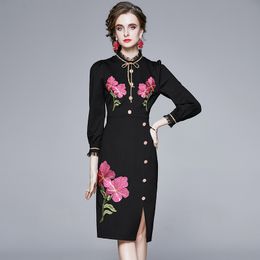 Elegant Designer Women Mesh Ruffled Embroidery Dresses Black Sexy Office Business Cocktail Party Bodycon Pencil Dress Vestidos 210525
━━━━
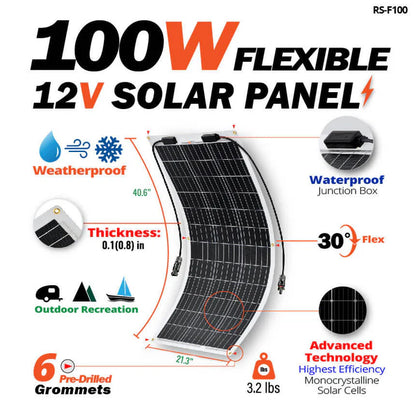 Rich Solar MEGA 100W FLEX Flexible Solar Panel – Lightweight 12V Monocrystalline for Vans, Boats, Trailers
━━━━
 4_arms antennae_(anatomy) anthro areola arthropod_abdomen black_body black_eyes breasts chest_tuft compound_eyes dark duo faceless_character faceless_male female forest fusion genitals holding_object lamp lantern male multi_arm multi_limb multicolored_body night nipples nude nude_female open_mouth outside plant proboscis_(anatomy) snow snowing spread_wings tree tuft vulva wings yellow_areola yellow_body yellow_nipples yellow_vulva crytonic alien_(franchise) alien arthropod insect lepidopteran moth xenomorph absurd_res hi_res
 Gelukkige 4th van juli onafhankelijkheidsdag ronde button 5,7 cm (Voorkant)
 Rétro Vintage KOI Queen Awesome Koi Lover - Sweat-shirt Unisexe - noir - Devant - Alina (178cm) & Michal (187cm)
━━━━
**To do:**
Retype, in the same exact form, the lines of the material above from the line holding "Gelukkige 4th van" through the line holding "Rétro Vintage KOI".

**Output:**
 Gelukkige 4th van juli onafhankelijkheidsdag ronde button 5,7 cm (Voorkant)
 Rétro Vintage KOI Queen Awesome Koi Lover - Sweat-shirt Unisexe - noir - Devant - Alina (178cm) & Michal (187cm)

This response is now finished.